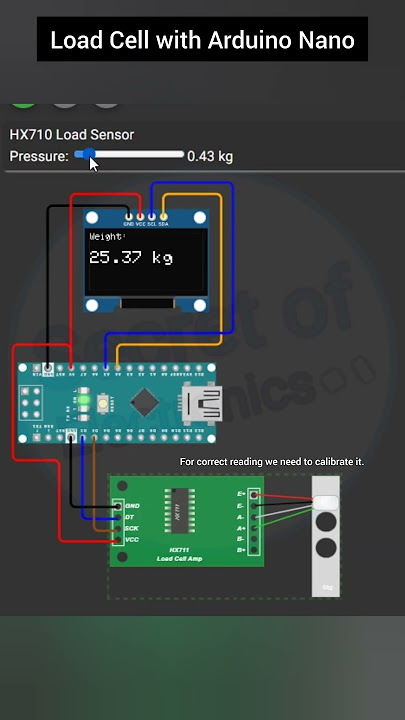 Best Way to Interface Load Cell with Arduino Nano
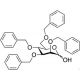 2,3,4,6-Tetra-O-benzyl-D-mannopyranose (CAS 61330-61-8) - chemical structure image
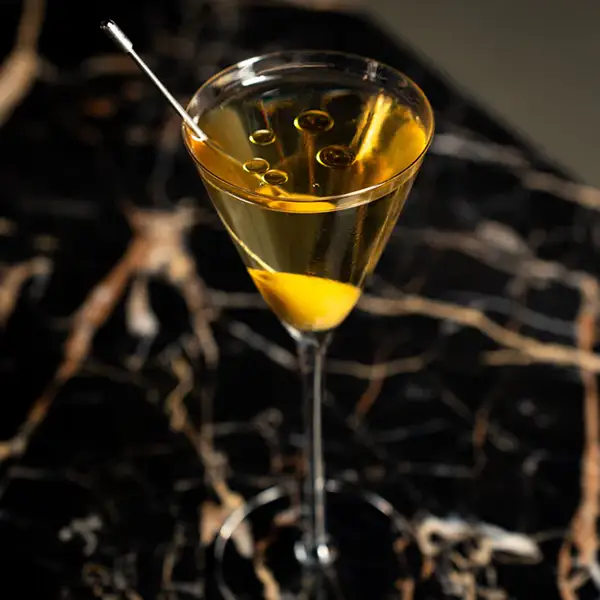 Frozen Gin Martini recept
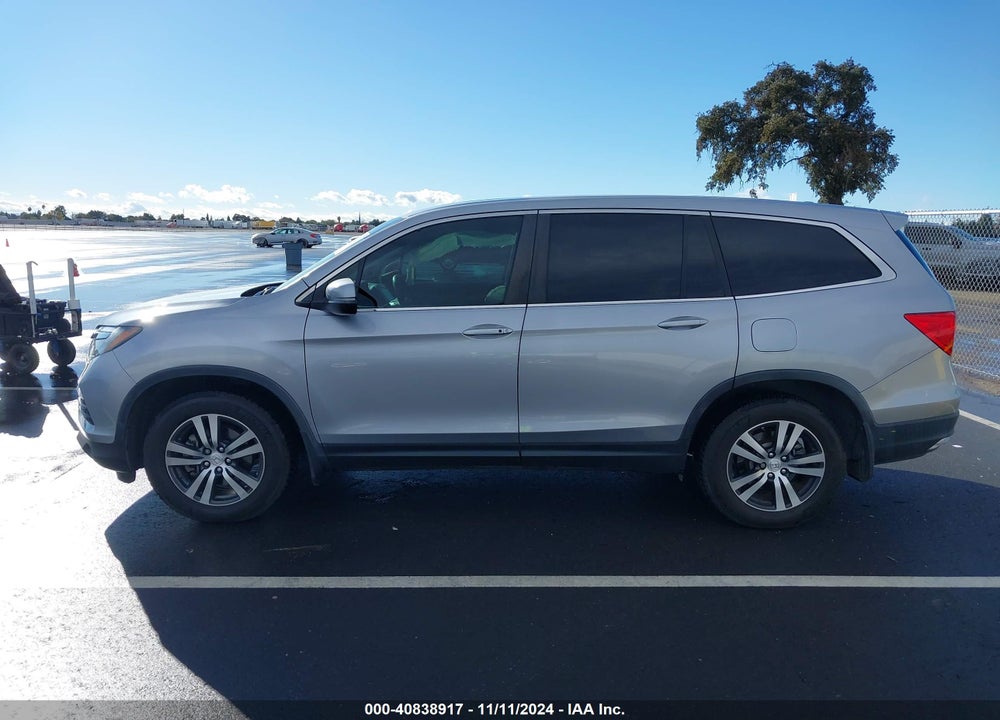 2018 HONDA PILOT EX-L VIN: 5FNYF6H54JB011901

───

Pictures aside, the material must be written out word for word.

 Best Way to Interface Load Cell with Arduino Nano
 2,3,4,6-Tetra-O-benzyl-D-mannopyranose (CAS 61330-61-8) - chemical structure image
 Frozen Gin Martini recept
 2018 HONDA PILOT EX-L VIN: 5FNYF6H54JB011901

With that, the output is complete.